Le patriarche Black renifla dédaigneusement, sans même daigner couler un regard dans la direction de la petite table couverte d'une nappe de soie blanche, sur laquelle reposait un médaillon partiellement fondu, incrusté de pierres ternies et noircies.
Un gâchis abject, en vérité. Si seulement ils avaient été en mesure de purifier la relique de Serpentard de la présence corruptrice imprégnant son métal depuis plusieurs décennies… hélas, les mages blancs capables de pareil exploit avaient disparu de l'Europe, et s'il en existait ailleurs, ils se cachaient bien. Difficile de le leur reprocher, vu les réglementations de plus en plus sévères sur les anciennes pratiques arcanes.

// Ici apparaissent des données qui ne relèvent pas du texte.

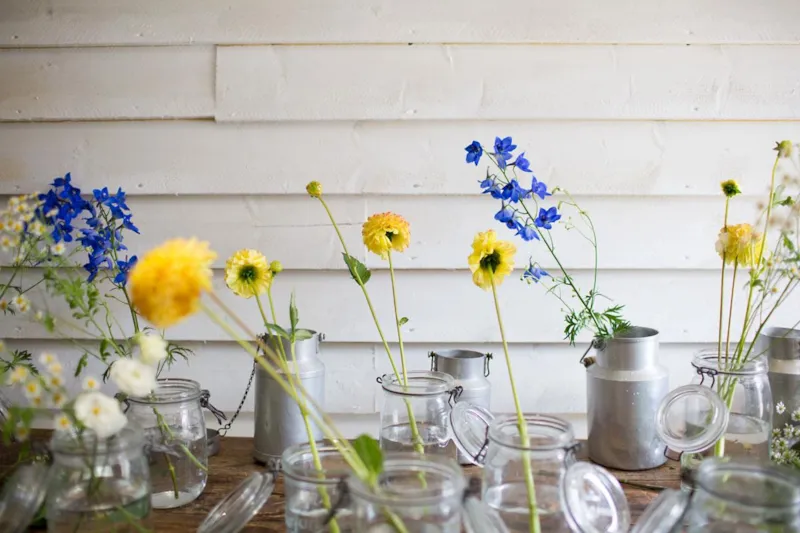 Emplacement Classique > (Eau / Electricité Incluse)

Si Cassiopeia s'était vue demander son opinion – ce que personne n'avait fait, typique des idiots de ne pas écouter leurs aînés plus expérimentés et à même de décrier leur stupidité congénitale – ces réglementations ne pouvaient que compliquer la tâche à tous ceux cherchant à empêcher les mages réellement malsains de sévir. Après tout, les criminels ne suivaient pas les lois pour commencer, mais les agents de la loi y étaient contraints pour ne pas perdre en crédibilité. Le résultat était aussi désolant que lorsque un chevalier parfaitement moldu se mettait en tête de pourfendre un dragon sans rien d'autre qu'une lance et une armure très vulnérables à la chaleur.

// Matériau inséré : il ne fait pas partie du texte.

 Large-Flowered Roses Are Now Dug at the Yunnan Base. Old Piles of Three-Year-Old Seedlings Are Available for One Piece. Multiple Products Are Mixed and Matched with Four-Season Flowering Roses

C'était la faute des sang-de-bourbe, bien entendu, eux et leurs sensibilités effarouchées qui insistaient pour que tout le monde se plie à leurs règles, leurs opinions. Quel culot ! Ne s'arrêtaient-ils donc jamais pour penser que peut-être, il existait un raisonnement derrière les traditions et les coutumes, au lieu d'un attachement aveugle à des pratiques barbares d'un âge plus brutal ?
Enfin, la question du médaillon était pliée. Et si vraiment, un autre Horcruxe était caché dans le compte Lestrange à Gringotts, ils ne tarderaient pas à tirer la chose au clair.

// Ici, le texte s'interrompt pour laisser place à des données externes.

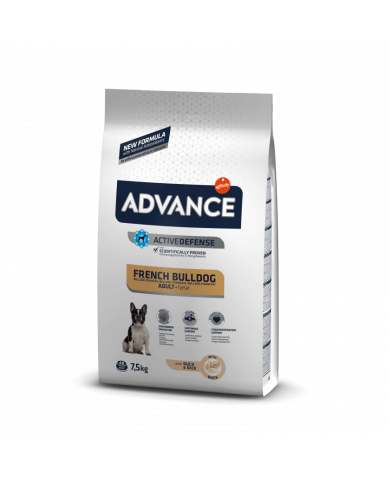 Affinity Advance French Bulldog Affinity Advance French Bulldog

L'accouchement de cette chère Bellatrix était prévue vers la fin novembre, autrement dit dans deux mois. Une fois l'Héritier Lestrange venu au monde, Artie disposerait d'un prétexte pour consulter les goblins – le contrat de mariage établi entre les lignées Black et Lestrange stipulant que la dot de Bellatrix ne lui serait pas remise tant qu'elle n'aurait pas eu d'enfant, mais entreposée dans le compte de son mari à la place. Une tentative par Cygnus d'inciter sa première-née rebelle à se conformer aux bons usages qui avait lamentablement échouée, Rodolphus étant trop fasciné par le caractère tempétueux de son épouse pour ne pas lui ouvrir sa propre bourse.
La mesquinerie de Cygnus n'en avait pas moins du bon, puisqu'elle permettrait à Arcturus de suggérer aux gobelins que quelqu'un avait interféré avec la dot. Tatillons sur leur honneur et leur réputation de banquiers incorruptibles, les créatures passeraient le compte des Lestrange au peigne fin. Si Horcruxe il se trouvait caché là-dedans, les gobelins ne manqueraient pas de le trouver.
Ce serait également l'opportunité de les interroger sur la possibilité d'utiliser un rituel ancestral afin de déterminer l'existence d'autres Horcruxes. Contrairement aux sorciers, les gobelins suivaient toujours religieusement leurs coutumes héréditaires, même s'ils le cachaient bien.
Peut-être même qu'il n'y aurait pas besoin d'y mettre le prix, mais Cassiopeia en doutait. La race gobeline naissait cupide, après tout.